Even though China never was a participant in the Bretton Woods agreement, it historically has pegged the yuan to the dollar. This took on great importance after 1997, when China moved into the role of the world’s leading manufacturer. To maintain this peg in the face of ever-increasing exports and trade surplus, China, similar to Japan, resorted to a program of sterilization (forced dollar savings). For completeness’ sake, the situation is represented in Figure 18; it is entirely analogous to the yen situation sketched above.

In this manner, China could build and maintain its position as the world’s leading manufacturer. Its productive capacity continued to grow, while the productive capacity of the importing countries (e.g., the USA) continued to be hollowed out as manufacturing capacity was exported.
The situation is reflected very clearly in the two figures below. Figure 19 shows China’s balance of trade, while Figure 20 shows its foreign exchange holdings. The correlation between the two is evident.
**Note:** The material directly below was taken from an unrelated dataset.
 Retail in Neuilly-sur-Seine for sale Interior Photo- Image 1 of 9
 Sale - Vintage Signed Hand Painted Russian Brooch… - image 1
Figure 19: Balance of Trade, China, 1997-2016

The extent of China’s foreign exchange holdings is enormous, dwarfing even Japan’s; they “far exceed even the most generous estimate of what would be appropriate” (Michael Pettis, The Great Rebalancing, ch. 1).
The effect of this trend has been manifold. Firstly, the conditions of the importing countries’ labor market has been seriously undermined, with “the best jobs” being exported abroad. Secondly, the conditions of the working class in the producing countries (e.g., China) has not been elevated nearly as much as it should have been if they were remunerated fairly. As explained above, this has been done to keep them from consuming, which would put more domestic currency in circulation and lead to currency appreciation. The gainers have been the political elites responsible for maintaining this arrangement, and the multinational corporations profiting from so-called Global Value Chains (GVCs), ostensibly the outworking of Ricardo’s doctrine of comparative advantage, but in reality a scheme to keep labor costs artificially low while maintaining a captive sales market. After all, it is not important if laborers in importing/consuming countries don’t have jobs, for their welfare states will enable them to maintain consumption levels, at least until government indebtedness, which funds this consumption, reaches unsustainable levels.